She is worth every second of time I put into this. What do you even mean?:mum

Even if she spits in my face when I show her these things I'm not going to be regretful that I've made them. Because she's a wonderful person and I'm not going to make this a projection of me and the things I did wrong. I'm not going to be like "I was wrong about her oh boohoo she's such a horrible person." Because those are words of vengeance and hate. despite the way she ends up being towards me, she'll still be a special person with special qualities, regardless.

Why are we measuring people with "are they worth it" No no no. That's the worst mentality. Since when did we start measuring people by if we can woohoo with them or not? She is worth it already and she's always _been _worth it so her orientation makes no difference. Again. I have no intention of trying to make her fall in love with me. Before I wrote this book, before I did any of this, I might have been. Yeah, probably. I might have been so desperate for companionship that if she didn't like me back, then I'd be angry and fall apart. But then I learned from my wrongs. I learned how detrimental that truly was.

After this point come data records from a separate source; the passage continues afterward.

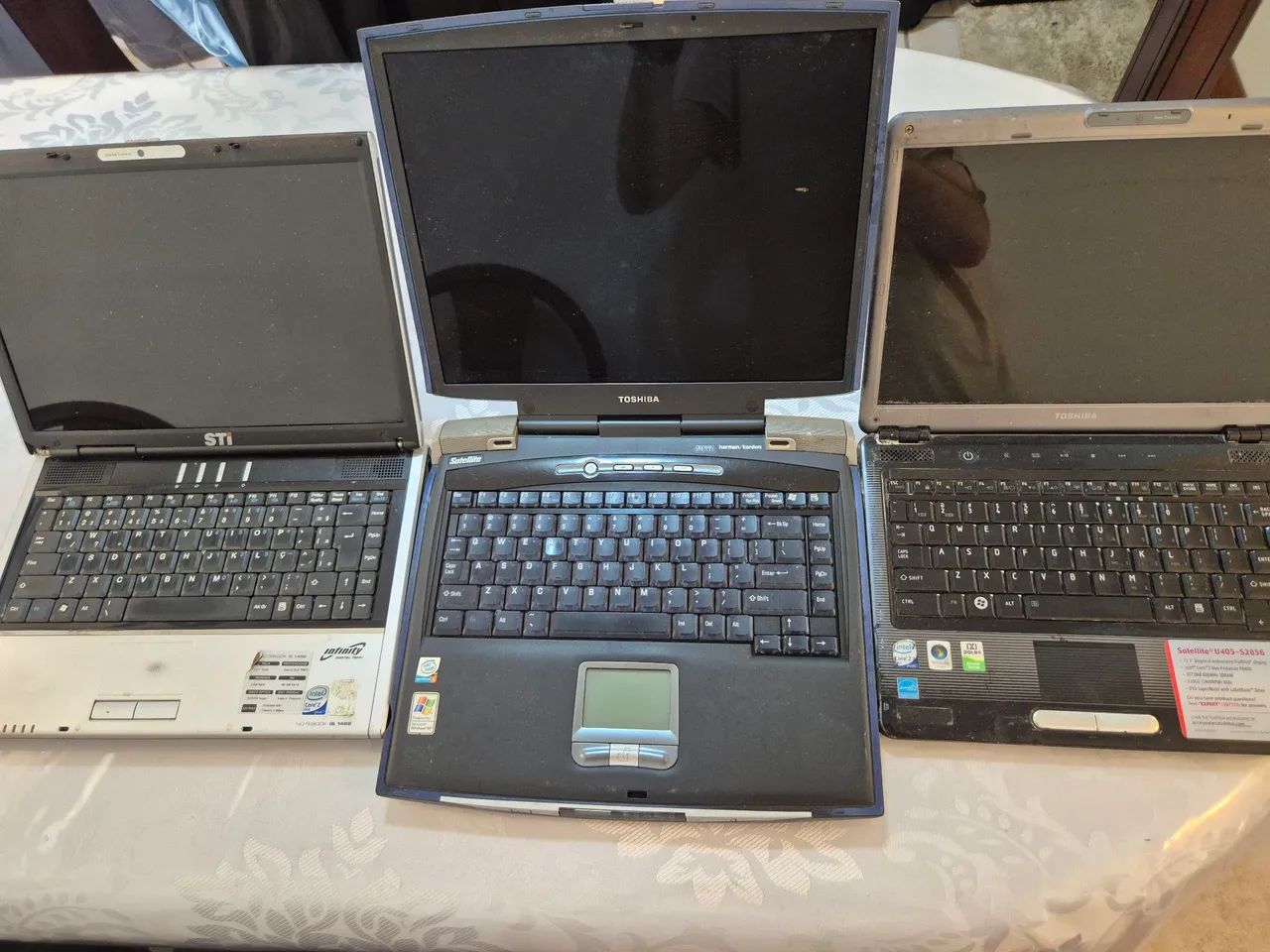 Lote 3 notebooks Toshiba STI com defeito - Foto 3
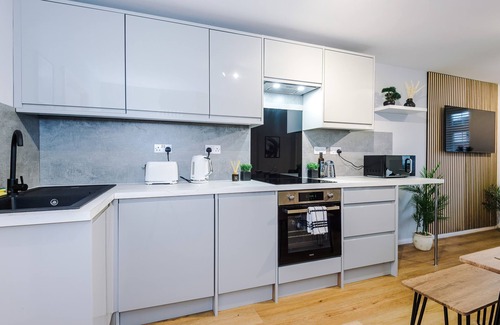 Offerton House | Stockport | Parking | Sleeps 5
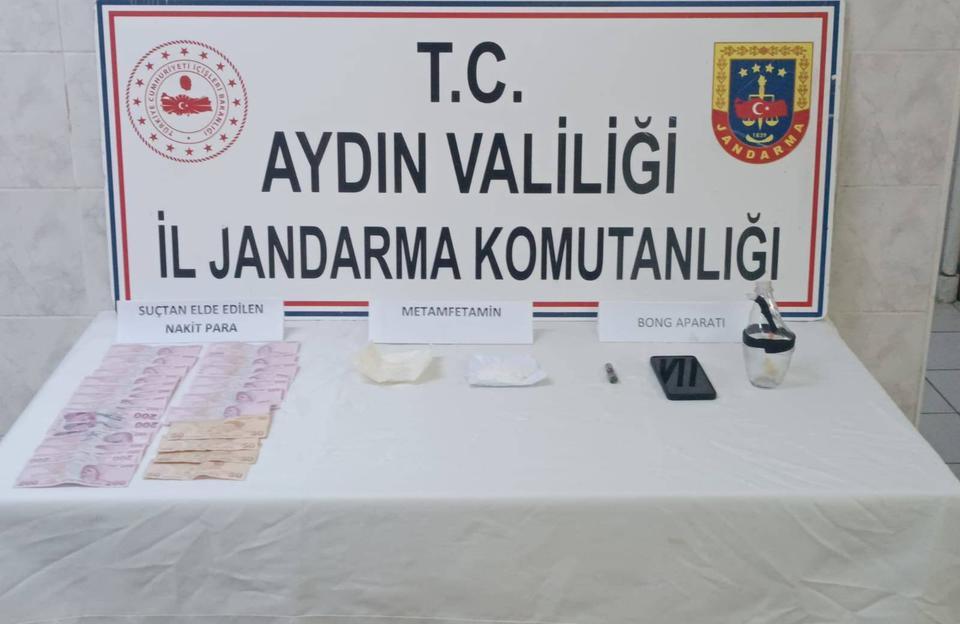 Aydın’da 3 zehir taciri tutuklandı
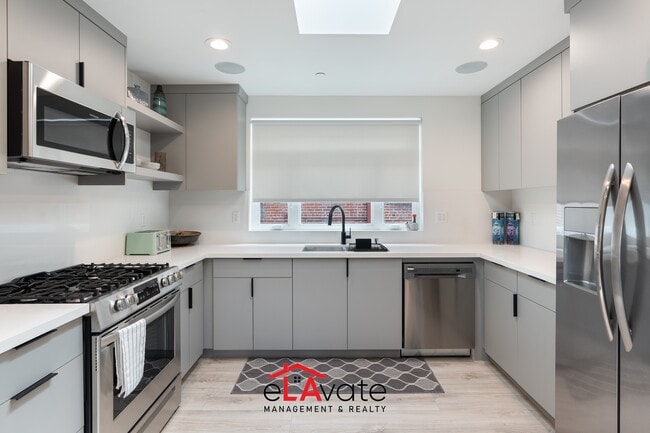 Building Photo - 1035 N Serrano Ave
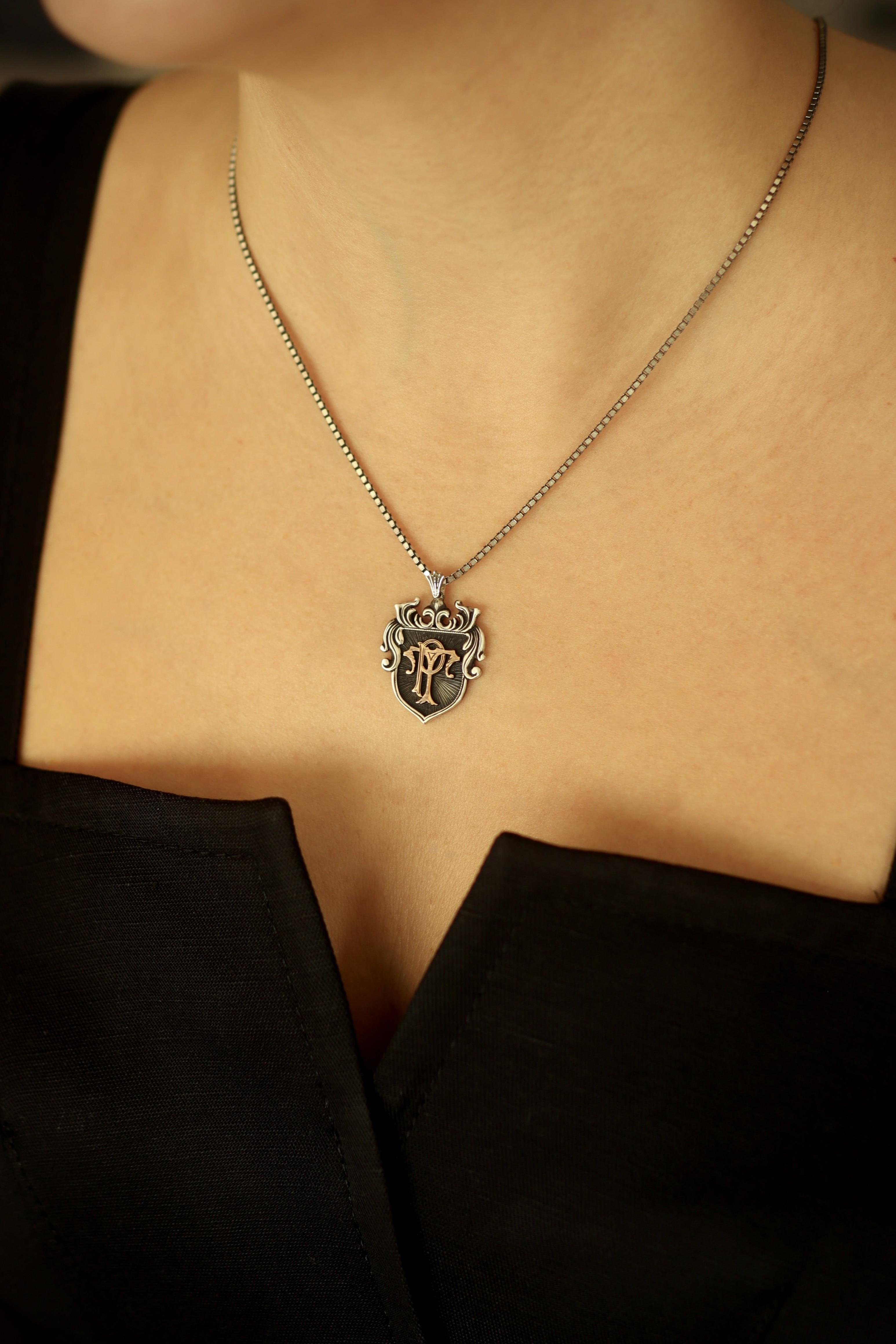 Eleanor Madalyon Kolye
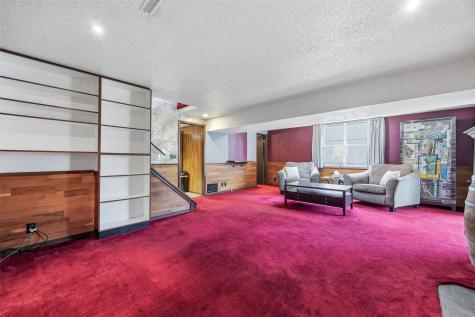 606 Olive Drive NW Cedar Rapids IA 52405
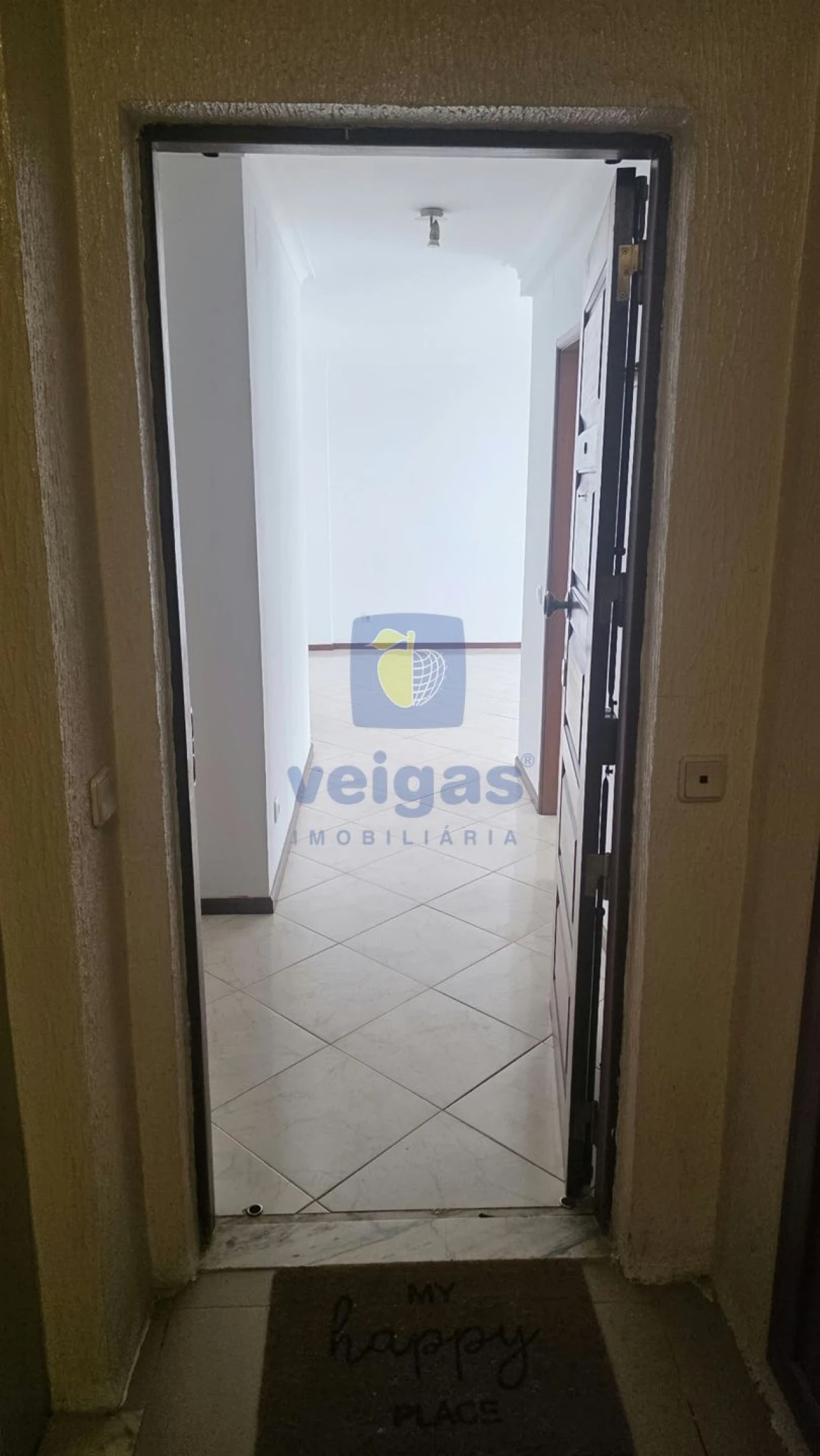 Apartamento T2 para Venda em Rio de Mouro Foto 11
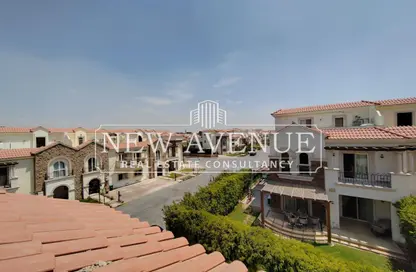 Villa - 3 Bedrooms - 4 Bathrooms for sale in Divina Gardens - 3rd District West - Shorouk City - Cairo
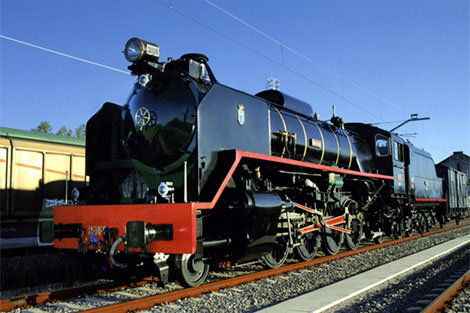 Una pieza de museo, la locomotora de vapor 141-F-2111 (Museo del Ferrocarril de Galicia). | FFE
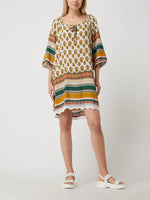 Lade das Bild in den Galerie-Viewer, Apricot | Feather Border Crochet Dress | 0 KHA
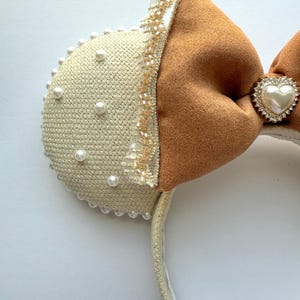Neutral musöronhårband, pärldetaljerade öron i temapark, beige rosetthårband, neutral accessoar för temaparksoutfit bild 4
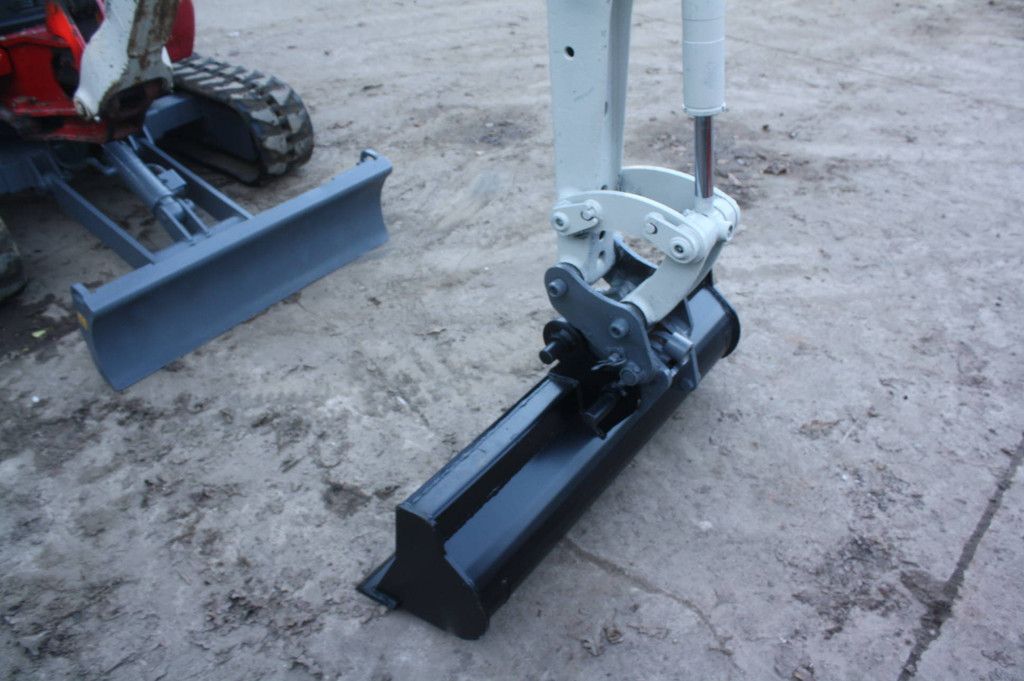 Minigraver Takeuchi TB216 Diesel 2017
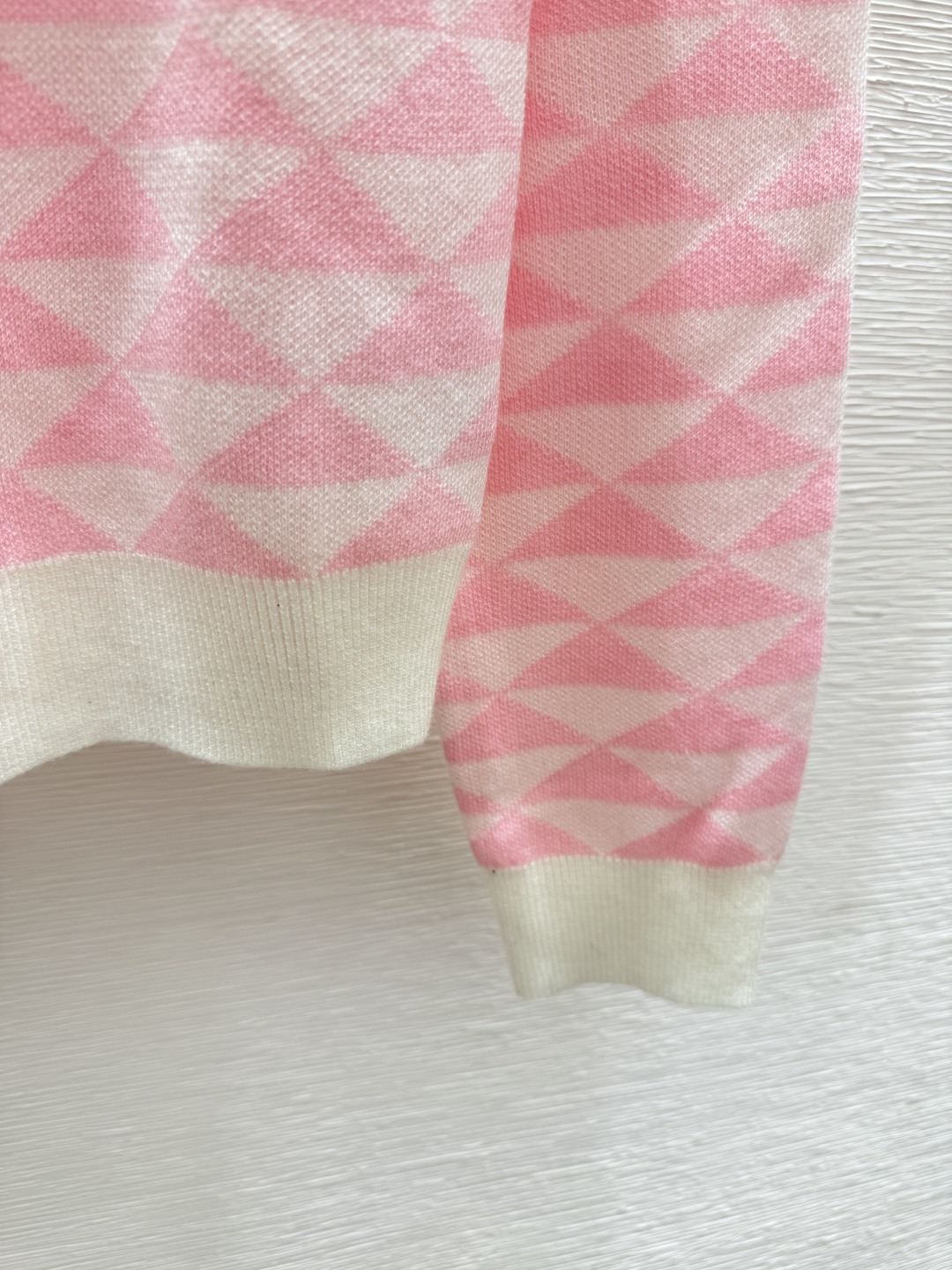 🆕P家🆕 早秋新款 菱格圆领针织长袖颜色：粉色 杏色 黑色尺码：36.38.40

I don't depend on other people anymore. And I am going into this without expecting ANYTHING in return. Not even her kindness. I know what I have and what I am. If she does not like the person that I am, then that is all that can be done. The sun will still come up tomorrow.

Are you saying that I should know her orientation because she'll be _bothered _that I'm a girl? Or are you saying I should know her orientation because you think I want her to love me down?

I was going to listen to you all, I really was. but you guys are really saying some questionable things.


----------



## jsmith92 (Dec 30, 2013)

onemoreday said:


> She is worth every second of time I put into this. What do you even mean?:mum
> 
> Even if she spits in my face when I show her these things I'm not going to be regretful that I've made them. Because she's a wonderful person and I'm not going to make this a projection of me and the things I did wrong. I'm not going to be like "I was wrong about her oh boohoo she's such a horrible person." Because those are words of vengeance and hate. despite the way she ends up being towards me, she'll still be a special person with special qualities, regardless.
> 
> ...


If she is straight and not open-minded why would you keep pursuing this. It will only hurt in the end. If you find out she is straight you just have to move on.


----------



## onemoreday (Nov 7, 2014)

jsmith92 said:


> If she is straight and not open-minded why would you keep pursuing this. It will only hurt in the end. If you find out she is straight you just have to move on.


*READ IT. READ IT ALL, JSMITH92. AND ANYONE ELSE WHO HASN'T BEEN READING MY UNNECESSARILY LONG POSTS? FOR ANYONE ELSE WHO IS TOO LAZY TO GIVE THEIR EYES A LITTLE CHALLENGE? IF NOTHING ELSE, READ THIS DAMNED POST. THEN YOU MIGHT FINALLY UNDERSTAND.*
I have said it multiple times but if you haven't been reading a word of what it say (which is really what it seems like) then read this. If nothing else, read the following words:
I AM NOT DOING THESE THINGS WITH THE INTENTION OF GETTING ANYTHING BACK.

I literally _cannot_ make it clearer than that. I just _can't_. 
And I'm really confused. What do you mean by "open-minded"?
You mean if she is straight and _not_ a decent person? If a person is gay they have to wait for straight people to be accepting enough of that before continuing being gay? What even?

If I were you, I would trash the idea of straight people being some kind of ultimate force who get to decide if they are okay with the gay community or not. That is a detrimental thought in itself, if I ever saw one. Even though, you know. I've _never_ *once* stated that I was gay or bi or any of what you so quickly assumed. But go ahead. Make your assumptions.

So according to your logic, now people who aren't straight, have to be accepted into the minds of reluctant straights _when _they're ready to be open-minded enough? What? If you don't respect that there are people who aren't heterosexuals in the world, then you have your own problem and aren't a person deserving of other people's respect.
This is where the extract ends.